Truist Long Game was designed with consumers ages 18 and up in mind, especially the Gen Z and Millennial segments.
“For some Americans, it is difficult to engage with their finances because it’s not always been going great,” says Holden. Many people come from family situations where money matters weren’t spoken of. She herself is grateful that her father was a small business owner and that she had the opportunity to see what that entailed.
“But I learned a lot of my own financial habits just by experience,” says Holden. “I got my first job at 15 and started saving to try to buy things.”
Holden has both an engineering degree and an MBA, and she believes gamification, when well executed, can give younger consumers tools to learn with. Being able to see progress means something, she says. Blending financial concepts with fun can help too.

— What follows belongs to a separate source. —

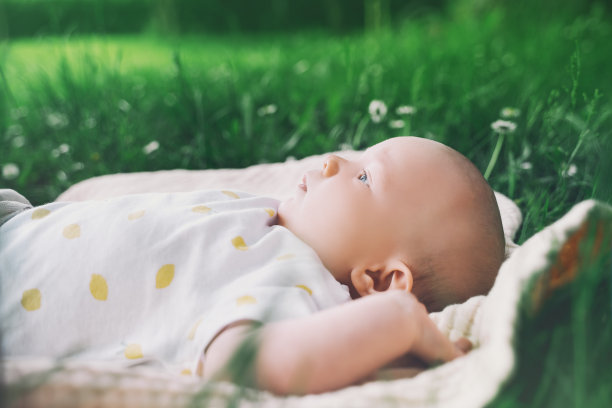 夏天的户外，可爱快乐的宝宝躺在绿油油的草地上。3个月大的赤脚婴儿在大自然中。生态可持续生活方式的家庭和儿童概念。图片下载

Past efforts to improve financial literacy tended to emphasize negatives too much — so the experience felt more like a stick than a carrot, in her view. “Obviously we need to be realistic about where people are and what they can do,” she says. “But we always try to be positive when we’re presenting finances through Long Game, encouraging people to take the next best step they can.”
Holden hopes at some point to expand the reach of Long Game by developing a junior version of it for people under 18.
“Not everyone has parents who are going to focus on teaching them financial literacy,” she says. If financial institutions like Truist reach out, “they can have some tools that will help them start saving and learning about finance early on.”